▶ [What needs to be done]
Repeat exactly the lines that run from the one containing "Appartement T2 aux" to the end of the data, and leave out all others.

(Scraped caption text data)
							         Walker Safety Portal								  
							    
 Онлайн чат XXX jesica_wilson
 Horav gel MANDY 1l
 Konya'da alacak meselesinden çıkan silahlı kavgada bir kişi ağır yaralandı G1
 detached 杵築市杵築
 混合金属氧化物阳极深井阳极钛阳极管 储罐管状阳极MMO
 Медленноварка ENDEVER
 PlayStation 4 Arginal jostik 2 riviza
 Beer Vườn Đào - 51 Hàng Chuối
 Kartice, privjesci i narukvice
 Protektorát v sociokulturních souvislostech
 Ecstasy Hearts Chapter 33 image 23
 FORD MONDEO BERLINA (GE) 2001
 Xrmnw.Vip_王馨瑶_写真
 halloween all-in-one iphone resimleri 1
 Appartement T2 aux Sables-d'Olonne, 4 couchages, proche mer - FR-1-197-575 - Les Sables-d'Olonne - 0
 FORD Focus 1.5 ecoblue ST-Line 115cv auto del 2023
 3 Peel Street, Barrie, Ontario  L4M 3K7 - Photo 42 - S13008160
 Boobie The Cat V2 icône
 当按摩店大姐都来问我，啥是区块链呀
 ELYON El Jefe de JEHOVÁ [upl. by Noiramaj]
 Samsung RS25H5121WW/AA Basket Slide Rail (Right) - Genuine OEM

▶ [Answer box]
 Appartement T2 aux Sables-d'Olonne, 4 couchages, proche mer - FR-1-197-575 - Les Sables-d'Olonne - 0
 FORD Focus 1.5 ecoblue ST-Line 115cv auto del 2023
 3 Peel Street, Barrie, Ontario  L4M 3K7 - Photo 42 - S13008160
 Boobie The Cat V2 icône
 当按摩店大姐都来问我，啥是区块链呀
 ELYON El Jefe de JEHOVÁ [upl. by Noiramaj]
 Samsung RS25H5121WW/AA Basket Slide Rail (Right) - Genuine OEM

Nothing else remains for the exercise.